Consider how fast you want to build muscle
Building muscle mass takes calories. There is no way around this — you simply cannot build tissue of any sort without energy. And when there is more energy supplied than what is actually needed to build that muscle, the body also starts building — you guessed it — body fat.
Therefore, the best way to prevent extra body fat when building muscle mass is to limit the extra calories consumed.
Here’s the kicker, though: If you’re only eating 100 to 200 calories more than is required on a daily basis to stop any fat loss from accumulating, you won’t likely get very far. You’ll be lucky to gain a pound a month — and if this is the case, you’re going to be on one long muscle-gaining cycle. Some may be OK with this, but most want to see immediate changes.
Add to the fact that the body might speed up its metabolism to accommodate these extra calories and you might not see any weight gain at all — you’ll simply look the same as you do now.
Obviously, the more calories you eat, the better the chances of maximizing the muscle you’ll build. Everyone has a limit as to how much muscle they can physiologically build in a month’s time (for most men this is around one to three pounds with the rate slowing the larger you get), so if you want to max that out, you need to eat enough. You think you’re going to gain three pounds eating a measly 100 extra calories a day? That’s not going to happen; it takes about 2,500 to 3,500 calories a day to build a pound of body tissue, depending on whether this is fat or muscle mass.
Consider the p-ratio
The final factor to consider is the influence the P-ratio has on the type of weight you gain. Generally speaking, those who start leaner when trying to gain muscle mass have a tendency to put on weight that is leaner as well. Likewise, those who have a higher body fat percentage will add more mass in the form of body fat instead of muscle.
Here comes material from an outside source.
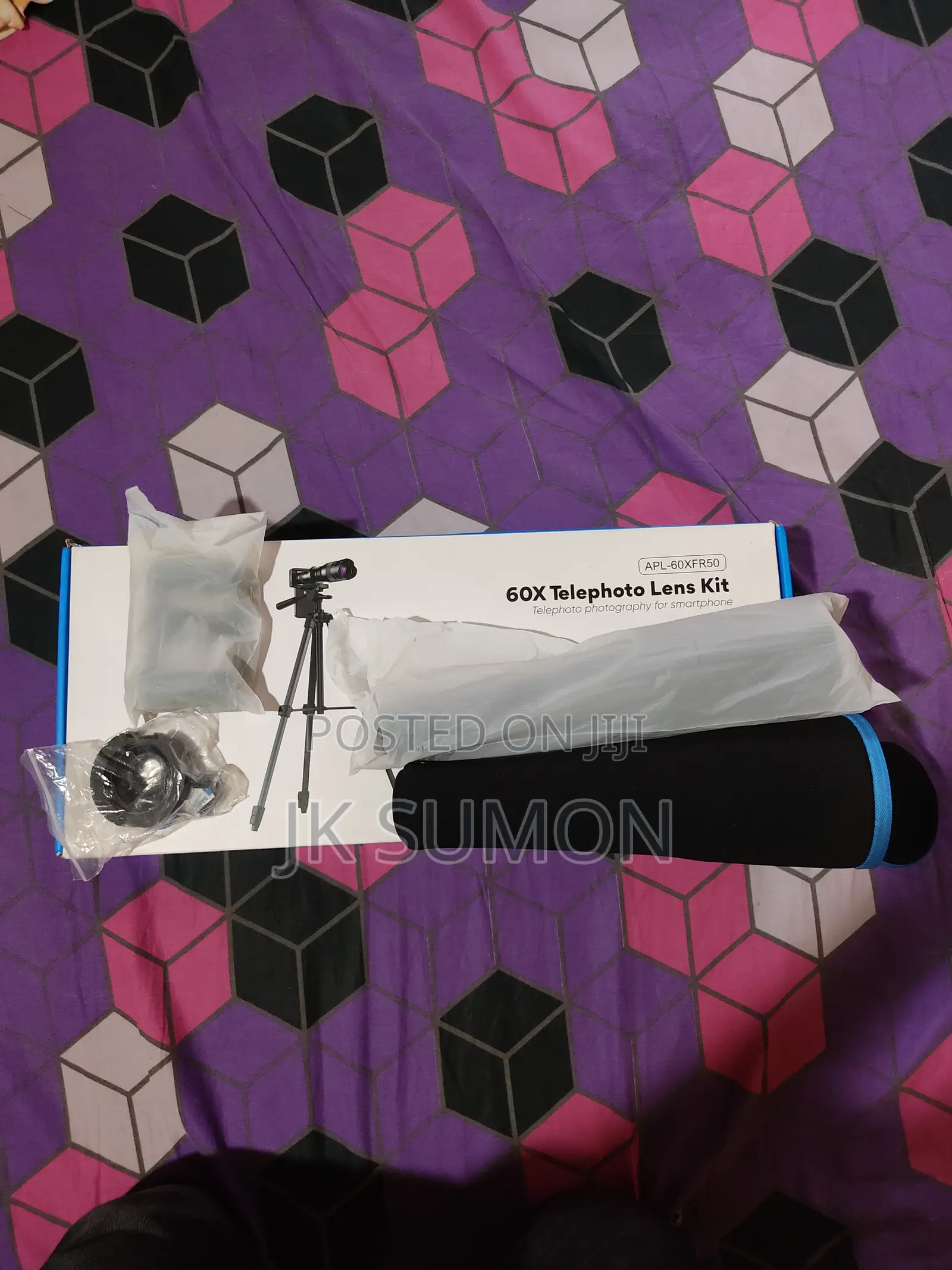 Apexel Mobile Super 60x Telephoto Lens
From this perspective, it helps to be leaner when trying to build muscle. So, how lean do you have to be? Generally, somewhere in the neighborhood of 8% to 15% works, which shouldn’t be hard — particularly if you’ve been going to the gym on a regular basis and practicing self-control over your dietary habits.
Do take note, however, that those who are leaner (with about 4% to 7% body fat) will gain more fat initially. At this point, their body is very lean and the body will be fighting to stay that way. So, when given extra calories, they’ll likely gain a couple of pounds of fat first to bring body fat levels up to a healthier range.
The end result
The best approach is to become as lean as you are comfortable with. Once this has been established, begin a moderate bulking period. Aim to eat 300 to 500 calories per day above your normal intake. Shoot for about a half to one pound per week of weight gain. If you aren’t gaining, increase your caloric intake; if you’re gaining too quickly, decrease your intake.
Add in a small dose of cardio as well, not only to maintain decent cardiovascular conditioning, but also because cardio helps with nutrient partitioning (directing the extra calories toward muscle tissue) and with creating a better overall environment for adding lean muscle mass.
Don’t go crazy with the cardio, though, since it’s obviously burning off the calories that could have been used to build muscle tissue.
If you are contemplating in which direction to go with your workout, consider these factors and lay out a solid 6- to 12-month plan that incorporates both “bulking” and “cutting” phases. By the end, you’ll have made good progress — so long as you stick with your goals and focus on achieving one at a time.